[Exercise aim]
Write out precisely the lines beginning with the line that contains "190 Coopersfield Way SW Airdrie AB T4b 4k7" and ending with the last line of the entries, and no other lines.

[Supplied material]
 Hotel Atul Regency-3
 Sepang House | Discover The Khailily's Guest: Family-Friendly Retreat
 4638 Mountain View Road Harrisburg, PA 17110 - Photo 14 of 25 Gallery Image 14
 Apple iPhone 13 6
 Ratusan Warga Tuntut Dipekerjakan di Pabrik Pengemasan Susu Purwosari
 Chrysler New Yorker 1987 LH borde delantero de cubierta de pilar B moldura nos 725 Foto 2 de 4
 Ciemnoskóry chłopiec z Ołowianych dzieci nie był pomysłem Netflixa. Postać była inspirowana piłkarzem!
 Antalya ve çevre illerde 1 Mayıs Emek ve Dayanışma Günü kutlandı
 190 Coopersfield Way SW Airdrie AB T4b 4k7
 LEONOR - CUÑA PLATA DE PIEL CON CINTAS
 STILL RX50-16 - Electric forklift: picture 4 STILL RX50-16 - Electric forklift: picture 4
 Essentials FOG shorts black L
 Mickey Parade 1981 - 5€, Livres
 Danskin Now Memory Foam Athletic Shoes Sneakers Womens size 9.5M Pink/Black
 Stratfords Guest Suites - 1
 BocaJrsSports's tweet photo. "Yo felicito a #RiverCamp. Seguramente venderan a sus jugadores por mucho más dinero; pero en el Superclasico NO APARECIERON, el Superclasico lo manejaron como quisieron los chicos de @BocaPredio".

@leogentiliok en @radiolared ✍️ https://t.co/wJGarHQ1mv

[Solved problem]
 190 Coopersfield Way SW Airdrie AB T4b 4k7
 LEONOR - CUÑA PLATA DE PIEL CON CINTAS
 STILL RX50-16 - Electric forklift: picture 4 STILL RX50-16 - Electric forklift: picture 4
 Essentials FOG shorts black L
 Mickey Parade 1981 - 5€, Livres
 Danskin Now Memory Foam Athletic Shoes Sneakers Womens size 9.5M Pink/Black
 Stratfords Guest Suites - 1
 BocaJrsSports's tweet photo. "Yo felicito a #RiverCamp. Seguramente venderan a sus jugadores por mucho más dinero; pero en el Superclasico NO APARECIERON, el Superclasico lo manejaron como quisieron los chicos de @BocaPredio".

@leogentiliok en @radiolared ✍️ https://t.co/wJGarHQ1mv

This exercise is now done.